TASK TO CARRY OUT
In the listing below, find the line containing "EA7 Emporio Armani Sweatjacke Media 4" and the line containing "Gartenmöbel Tischgestelle |", then copy exactly everything from the first through the second, except the pictures.

TASK INPUT
== == ==

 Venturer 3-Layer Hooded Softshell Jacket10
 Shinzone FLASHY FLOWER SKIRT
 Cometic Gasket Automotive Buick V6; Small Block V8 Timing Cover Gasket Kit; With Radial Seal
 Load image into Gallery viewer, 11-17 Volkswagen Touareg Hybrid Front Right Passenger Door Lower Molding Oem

== == ==

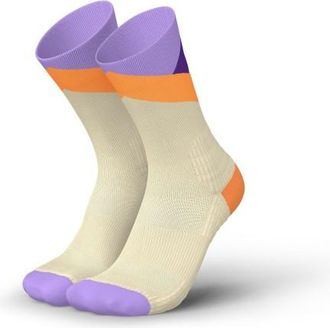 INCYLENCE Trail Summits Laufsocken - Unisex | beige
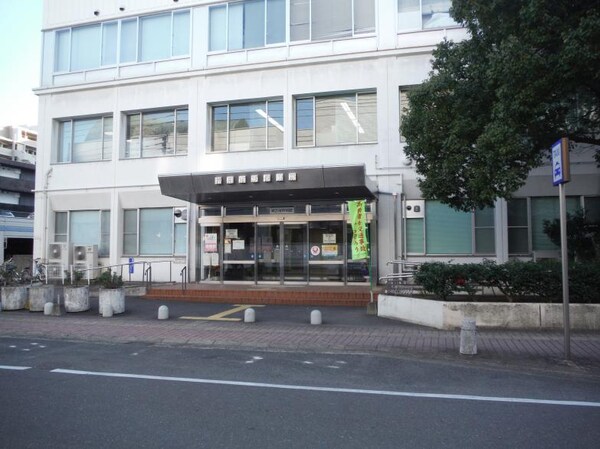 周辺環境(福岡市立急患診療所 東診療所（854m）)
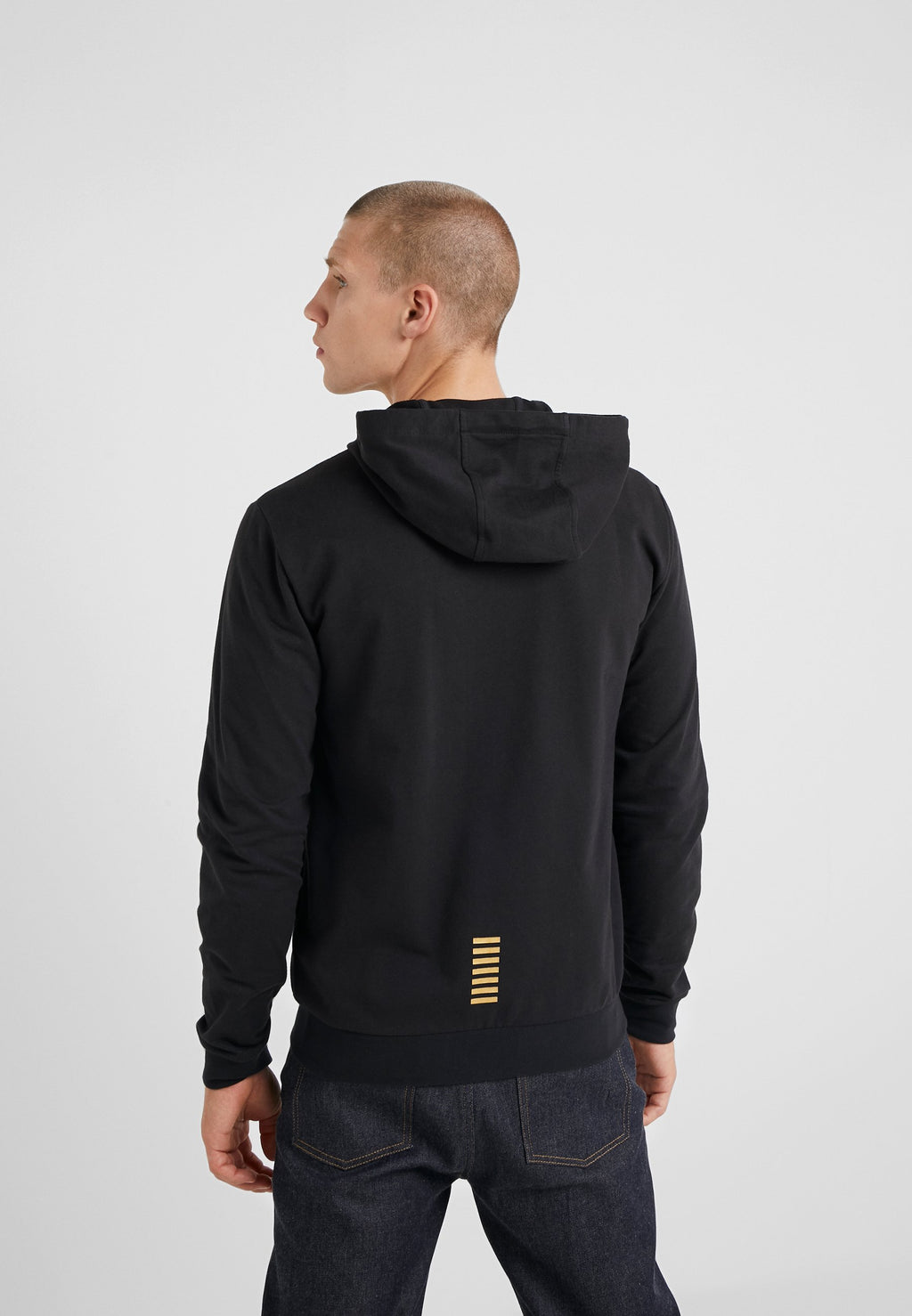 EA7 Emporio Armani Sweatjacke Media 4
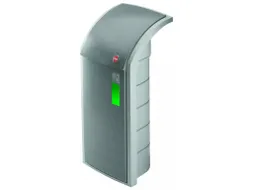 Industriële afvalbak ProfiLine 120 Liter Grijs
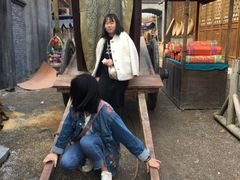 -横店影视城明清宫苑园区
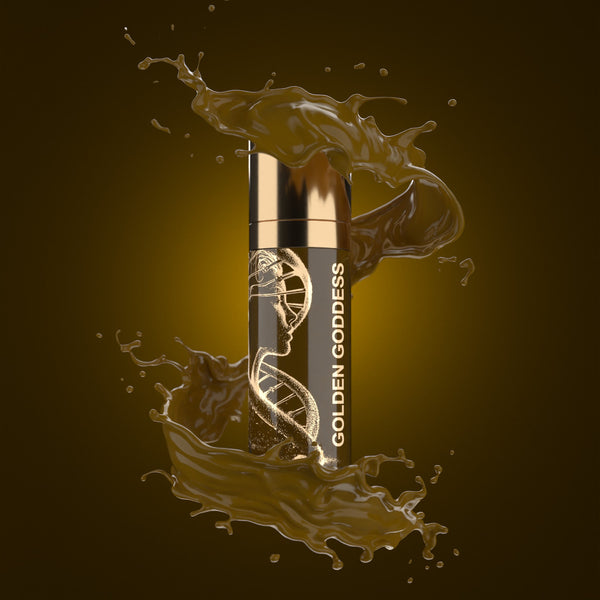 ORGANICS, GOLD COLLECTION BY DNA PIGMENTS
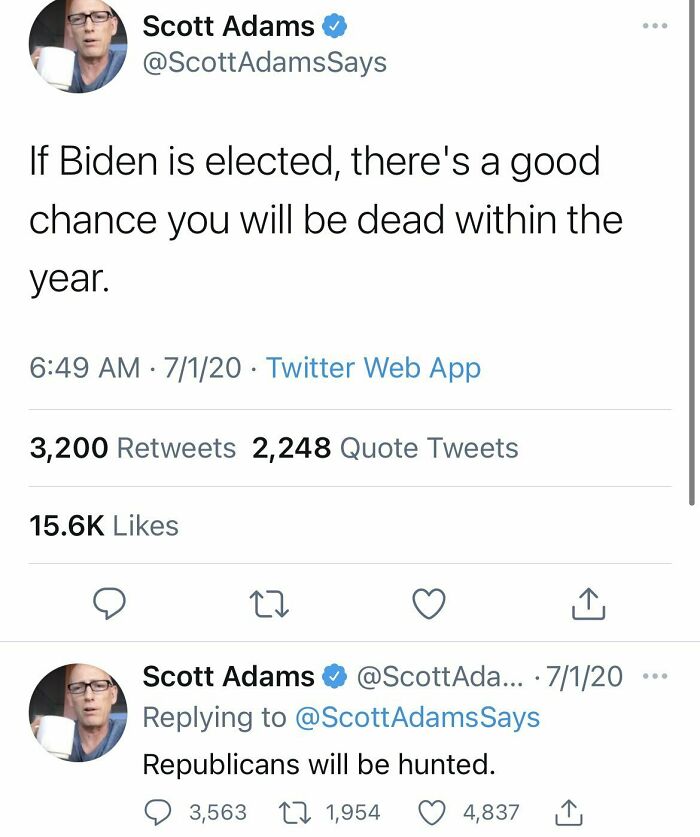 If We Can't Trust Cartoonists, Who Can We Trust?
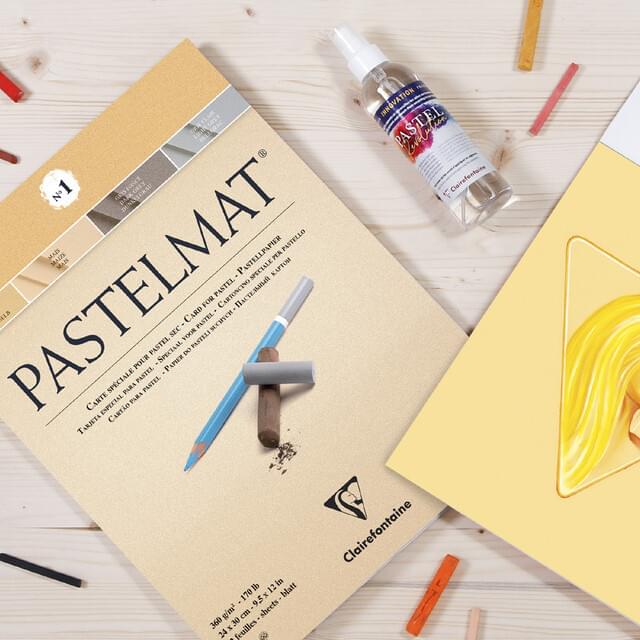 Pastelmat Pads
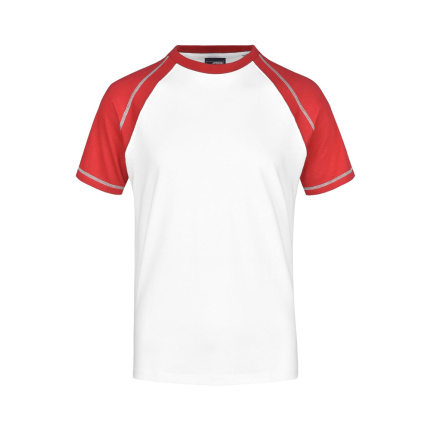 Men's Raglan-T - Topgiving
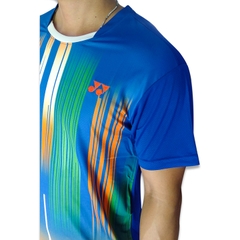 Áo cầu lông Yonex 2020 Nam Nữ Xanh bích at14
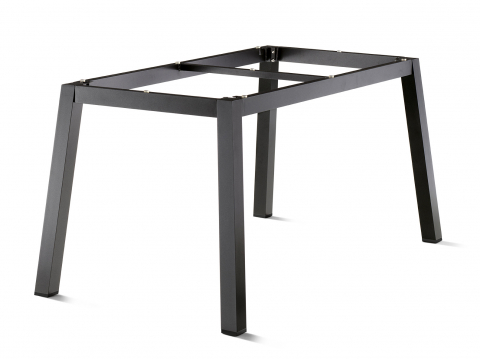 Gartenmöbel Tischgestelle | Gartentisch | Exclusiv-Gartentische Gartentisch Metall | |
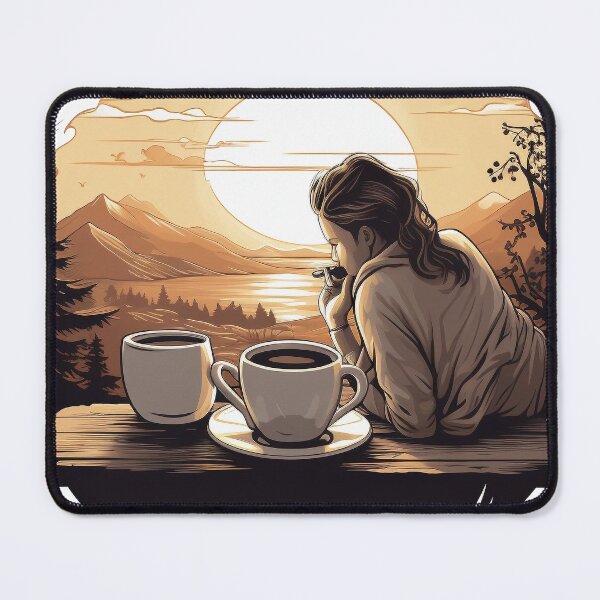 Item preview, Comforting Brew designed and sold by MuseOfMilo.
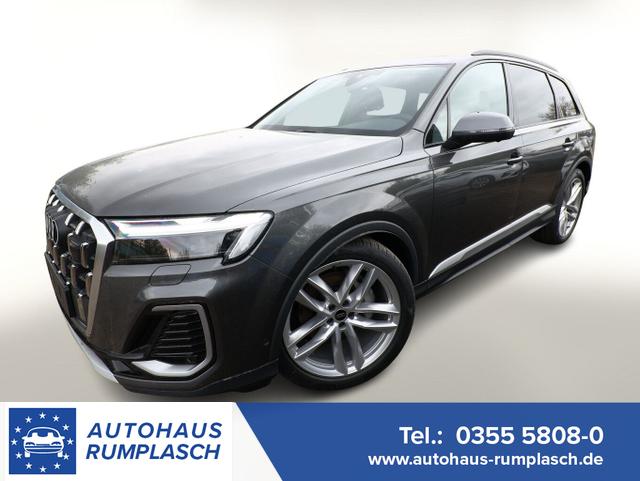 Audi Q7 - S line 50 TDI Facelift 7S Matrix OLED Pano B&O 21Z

== == ==

WORKED SOLUTION
 EA7 Emporio Armani Sweatjacke Media 4
 Industriële afvalbak ProfiLine 120 Liter Grijs
 -横店影视城明清宫苑园区
 ORGANICS, GOLD COLLECTION BY DNA PIGMENTS
 If We Can't Trust Cartoonists, Who Can We Trust?
 Pastelmat Pads
 Men's Raglan-T - Topgiving
 Áo cầu lông Yonex 2020 Nam Nữ Xanh bích at14
 Gartenmöbel Tischgestelle | Gartentisch | Exclusiv-Gartentische Gartentisch Metall | |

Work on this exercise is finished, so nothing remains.